A few months ago Drs. James S.J. Schwartz and Tony Milligan in The Space Review tried to summarize space ethics:
So what, then, do space ethicists actually do? At the highest level of generality, we are simply here to ask the ethical questions that, sooner or later, will need to be asked. And it is a feature of the practice of ethics, and not a bug, that it produces productive disagreements about the answers. But more specifically, there are five broad roles that characterize the vast majority of space ethics research. There are no doubt others that will emerge in the future, as space ethics is an evolving discipline. But the following list captures its “settled” roles and responsibilities.

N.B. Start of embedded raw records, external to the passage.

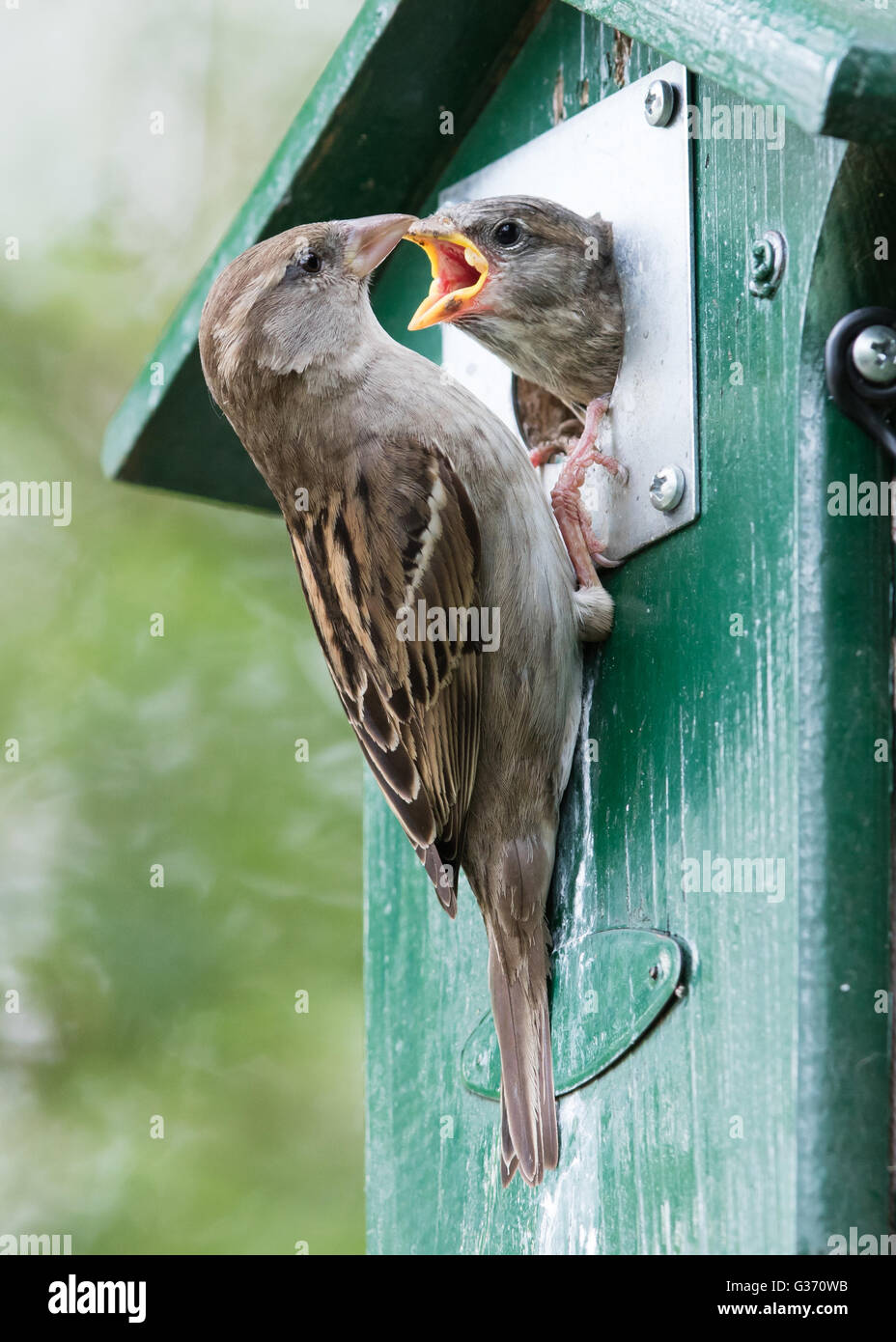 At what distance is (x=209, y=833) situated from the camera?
491 cm

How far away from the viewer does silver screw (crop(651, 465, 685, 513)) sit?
2686 mm

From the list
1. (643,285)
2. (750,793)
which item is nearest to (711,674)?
(750,793)

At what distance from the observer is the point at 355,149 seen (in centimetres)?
352

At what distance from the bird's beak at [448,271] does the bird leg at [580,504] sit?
28cm

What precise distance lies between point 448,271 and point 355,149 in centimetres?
56

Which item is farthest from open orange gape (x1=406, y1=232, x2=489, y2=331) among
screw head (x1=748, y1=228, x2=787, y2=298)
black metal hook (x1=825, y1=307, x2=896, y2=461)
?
black metal hook (x1=825, y1=307, x2=896, y2=461)

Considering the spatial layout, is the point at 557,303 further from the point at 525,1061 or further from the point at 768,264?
the point at 525,1061

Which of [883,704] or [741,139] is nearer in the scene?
[883,704]

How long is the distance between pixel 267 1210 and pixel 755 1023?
8.40 ft

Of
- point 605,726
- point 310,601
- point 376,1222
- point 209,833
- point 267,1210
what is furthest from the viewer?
point 209,833

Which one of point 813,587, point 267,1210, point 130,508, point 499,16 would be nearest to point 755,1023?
point 813,587

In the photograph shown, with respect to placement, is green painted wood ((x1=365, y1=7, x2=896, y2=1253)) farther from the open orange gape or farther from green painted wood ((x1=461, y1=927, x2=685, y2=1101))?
the open orange gape

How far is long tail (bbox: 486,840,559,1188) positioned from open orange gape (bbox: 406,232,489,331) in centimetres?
89

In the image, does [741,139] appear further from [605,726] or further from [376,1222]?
Result: [376,1222] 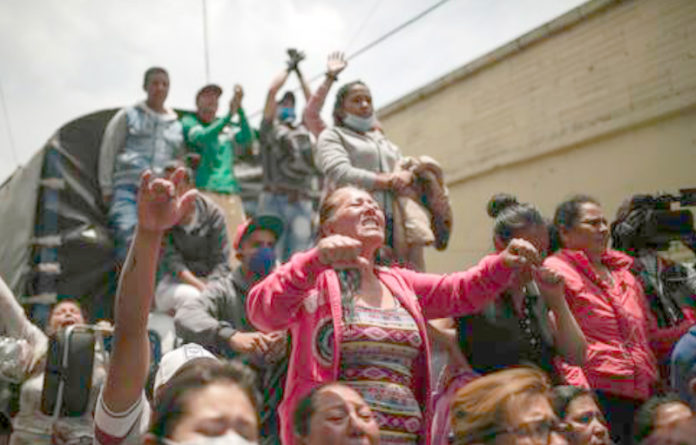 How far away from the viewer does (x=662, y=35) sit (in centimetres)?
816

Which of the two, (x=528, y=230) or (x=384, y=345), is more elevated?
(x=528, y=230)

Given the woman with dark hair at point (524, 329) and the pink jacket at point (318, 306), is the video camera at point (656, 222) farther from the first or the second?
the pink jacket at point (318, 306)

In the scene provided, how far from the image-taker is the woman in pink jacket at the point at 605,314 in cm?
340

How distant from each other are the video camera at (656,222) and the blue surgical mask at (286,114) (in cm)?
330

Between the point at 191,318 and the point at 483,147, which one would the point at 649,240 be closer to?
the point at 191,318

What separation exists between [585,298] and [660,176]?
502 cm

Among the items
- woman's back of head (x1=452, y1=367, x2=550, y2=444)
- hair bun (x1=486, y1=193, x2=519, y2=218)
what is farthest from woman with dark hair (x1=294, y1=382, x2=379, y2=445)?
hair bun (x1=486, y1=193, x2=519, y2=218)

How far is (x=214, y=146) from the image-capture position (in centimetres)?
662

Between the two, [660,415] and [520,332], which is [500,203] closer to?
[520,332]

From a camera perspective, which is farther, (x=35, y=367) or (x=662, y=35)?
(x=662, y=35)

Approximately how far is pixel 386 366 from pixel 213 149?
4398mm

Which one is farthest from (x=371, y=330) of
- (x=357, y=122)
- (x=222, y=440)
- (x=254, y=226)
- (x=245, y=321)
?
(x=357, y=122)

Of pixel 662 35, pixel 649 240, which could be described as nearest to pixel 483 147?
pixel 662 35

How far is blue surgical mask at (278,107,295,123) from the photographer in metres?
6.67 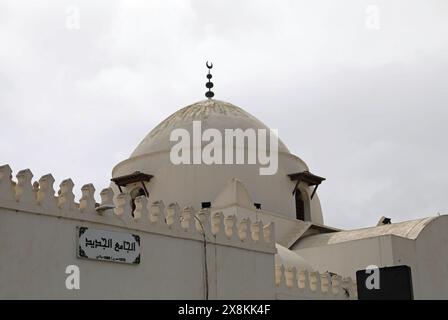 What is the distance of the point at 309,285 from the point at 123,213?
20.4ft

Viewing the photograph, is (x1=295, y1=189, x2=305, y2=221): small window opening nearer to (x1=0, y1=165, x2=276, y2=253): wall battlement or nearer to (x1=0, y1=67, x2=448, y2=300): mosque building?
(x1=0, y1=67, x2=448, y2=300): mosque building

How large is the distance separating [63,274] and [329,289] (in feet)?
27.2

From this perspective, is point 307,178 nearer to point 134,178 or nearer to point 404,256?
point 404,256

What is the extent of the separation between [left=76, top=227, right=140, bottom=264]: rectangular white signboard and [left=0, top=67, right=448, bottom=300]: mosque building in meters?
0.02

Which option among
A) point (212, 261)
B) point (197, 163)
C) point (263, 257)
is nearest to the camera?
point (212, 261)

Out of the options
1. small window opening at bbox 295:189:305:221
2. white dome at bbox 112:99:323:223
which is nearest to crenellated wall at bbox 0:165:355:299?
white dome at bbox 112:99:323:223

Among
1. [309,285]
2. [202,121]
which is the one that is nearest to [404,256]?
[309,285]

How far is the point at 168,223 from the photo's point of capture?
48.4ft

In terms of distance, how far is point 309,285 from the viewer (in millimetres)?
17953

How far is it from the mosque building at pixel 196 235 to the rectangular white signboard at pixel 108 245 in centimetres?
2

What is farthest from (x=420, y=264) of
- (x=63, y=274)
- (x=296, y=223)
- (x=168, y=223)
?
(x=63, y=274)

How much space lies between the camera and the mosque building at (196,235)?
40.4 ft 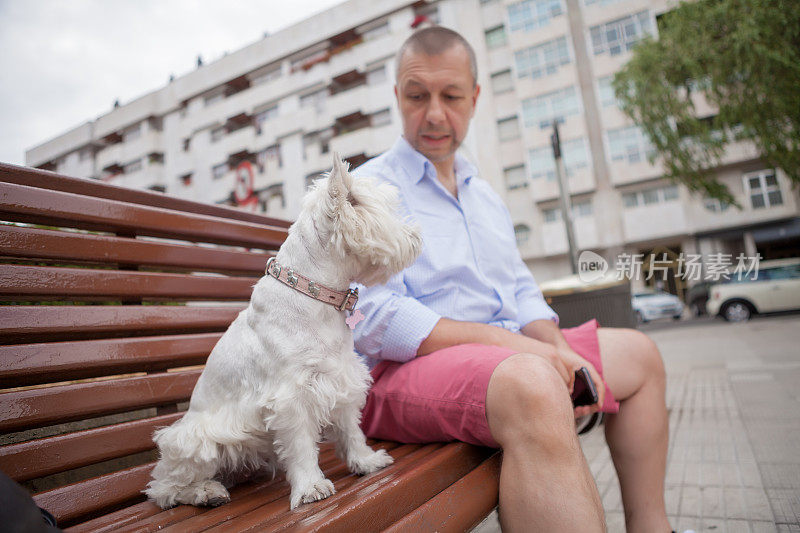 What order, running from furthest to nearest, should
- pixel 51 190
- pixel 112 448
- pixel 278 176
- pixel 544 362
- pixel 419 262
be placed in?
pixel 278 176, pixel 419 262, pixel 51 190, pixel 112 448, pixel 544 362

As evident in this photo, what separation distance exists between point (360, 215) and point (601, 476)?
2681mm

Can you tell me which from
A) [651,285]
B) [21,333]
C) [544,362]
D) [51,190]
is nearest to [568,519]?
[544,362]

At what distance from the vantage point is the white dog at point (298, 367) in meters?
1.29

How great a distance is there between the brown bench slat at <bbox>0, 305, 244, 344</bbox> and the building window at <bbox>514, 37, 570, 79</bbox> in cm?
2714

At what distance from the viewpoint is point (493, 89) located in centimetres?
2698

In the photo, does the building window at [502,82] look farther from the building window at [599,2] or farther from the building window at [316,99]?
the building window at [316,99]

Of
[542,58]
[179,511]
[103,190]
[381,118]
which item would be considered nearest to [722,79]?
[103,190]

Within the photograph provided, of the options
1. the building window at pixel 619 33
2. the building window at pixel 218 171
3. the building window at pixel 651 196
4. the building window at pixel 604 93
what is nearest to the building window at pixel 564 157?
the building window at pixel 604 93

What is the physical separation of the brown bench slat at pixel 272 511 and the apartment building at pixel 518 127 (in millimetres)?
21703

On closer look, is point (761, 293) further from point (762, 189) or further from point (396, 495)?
point (396, 495)

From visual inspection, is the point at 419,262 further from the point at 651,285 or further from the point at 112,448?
the point at 651,285

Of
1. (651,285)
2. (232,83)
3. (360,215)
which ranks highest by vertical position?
(232,83)

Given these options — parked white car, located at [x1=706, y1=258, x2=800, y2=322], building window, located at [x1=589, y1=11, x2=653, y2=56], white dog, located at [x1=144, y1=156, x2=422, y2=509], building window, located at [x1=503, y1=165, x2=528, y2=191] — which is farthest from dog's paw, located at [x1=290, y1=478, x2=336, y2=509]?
building window, located at [x1=589, y1=11, x2=653, y2=56]

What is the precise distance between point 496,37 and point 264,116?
51.1ft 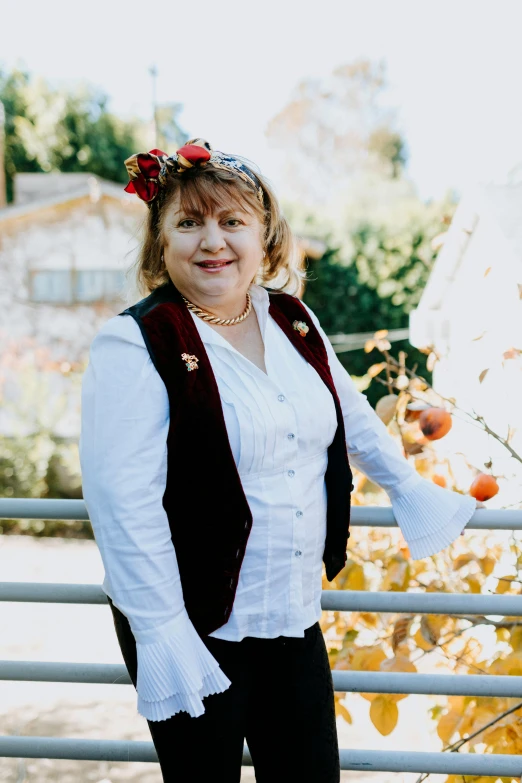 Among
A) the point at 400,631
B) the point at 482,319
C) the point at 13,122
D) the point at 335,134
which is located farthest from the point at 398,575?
the point at 335,134

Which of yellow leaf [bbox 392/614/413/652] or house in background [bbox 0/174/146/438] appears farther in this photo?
house in background [bbox 0/174/146/438]

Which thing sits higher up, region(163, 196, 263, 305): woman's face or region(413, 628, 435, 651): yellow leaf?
region(163, 196, 263, 305): woman's face

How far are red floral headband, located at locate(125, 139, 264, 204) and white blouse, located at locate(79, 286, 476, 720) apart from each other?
0.77 feet

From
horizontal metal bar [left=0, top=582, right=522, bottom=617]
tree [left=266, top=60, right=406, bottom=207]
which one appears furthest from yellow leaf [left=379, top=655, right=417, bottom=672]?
tree [left=266, top=60, right=406, bottom=207]

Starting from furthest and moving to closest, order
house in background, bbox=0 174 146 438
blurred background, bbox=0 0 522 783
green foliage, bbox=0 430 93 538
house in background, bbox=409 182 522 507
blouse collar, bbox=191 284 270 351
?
1. house in background, bbox=0 174 146 438
2. green foliage, bbox=0 430 93 538
3. blurred background, bbox=0 0 522 783
4. house in background, bbox=409 182 522 507
5. blouse collar, bbox=191 284 270 351

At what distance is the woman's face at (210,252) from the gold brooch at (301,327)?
14cm

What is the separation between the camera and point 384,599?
56.7 inches

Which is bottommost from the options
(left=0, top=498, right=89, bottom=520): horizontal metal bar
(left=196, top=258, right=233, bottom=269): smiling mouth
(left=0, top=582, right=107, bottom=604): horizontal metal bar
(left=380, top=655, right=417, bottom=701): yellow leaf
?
(left=380, top=655, right=417, bottom=701): yellow leaf

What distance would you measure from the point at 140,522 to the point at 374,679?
60 centimetres

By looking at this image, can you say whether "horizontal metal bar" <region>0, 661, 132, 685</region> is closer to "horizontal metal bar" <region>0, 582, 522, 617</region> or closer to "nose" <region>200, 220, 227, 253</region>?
"horizontal metal bar" <region>0, 582, 522, 617</region>

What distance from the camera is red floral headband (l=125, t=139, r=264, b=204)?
4.31 feet

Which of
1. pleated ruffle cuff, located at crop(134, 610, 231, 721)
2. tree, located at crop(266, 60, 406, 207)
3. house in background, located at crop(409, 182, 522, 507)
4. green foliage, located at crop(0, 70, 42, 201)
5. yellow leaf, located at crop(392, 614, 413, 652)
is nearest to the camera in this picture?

1. Space ethics identifies principles for arriving at rational compromises between different stakeholders in space. …
Unfortunately, their brief review of Why space ethics seems woefully inadequate:
In a sense, this goes to the heart of the matter, and why space ethics matters: it helps us to identify and reconsider assumptions that space advocates as well as space skeptics often fail to realize that they are making. In some cases, these assumptions turn out to be entirely reasonable. In others, they turn out to be highly questionable. If you are expecting space ethics to tell you that space exploration is the greatest thing ever, and that we should plunge ahead at all deliberate speed, then you may be in for a disappointment. You are also in for a disappointment if you are expecting space ethics to validate calls to renounce space exploration and to accept our terrestrial horizons.
I tend to be a bit of a pragmatic barbarian when it comes to philosophy. I wanted to see them motivate (space) ethics as a What goes around comes around deal. Not the sometimes-poetic Karma! approach, but the hard-nosed You screwed over that guy two months ago, so now we’re screwing you over now.
They didn’t go there.
Consequently, it all seems a bit airy and academic, and not imbued with urgency.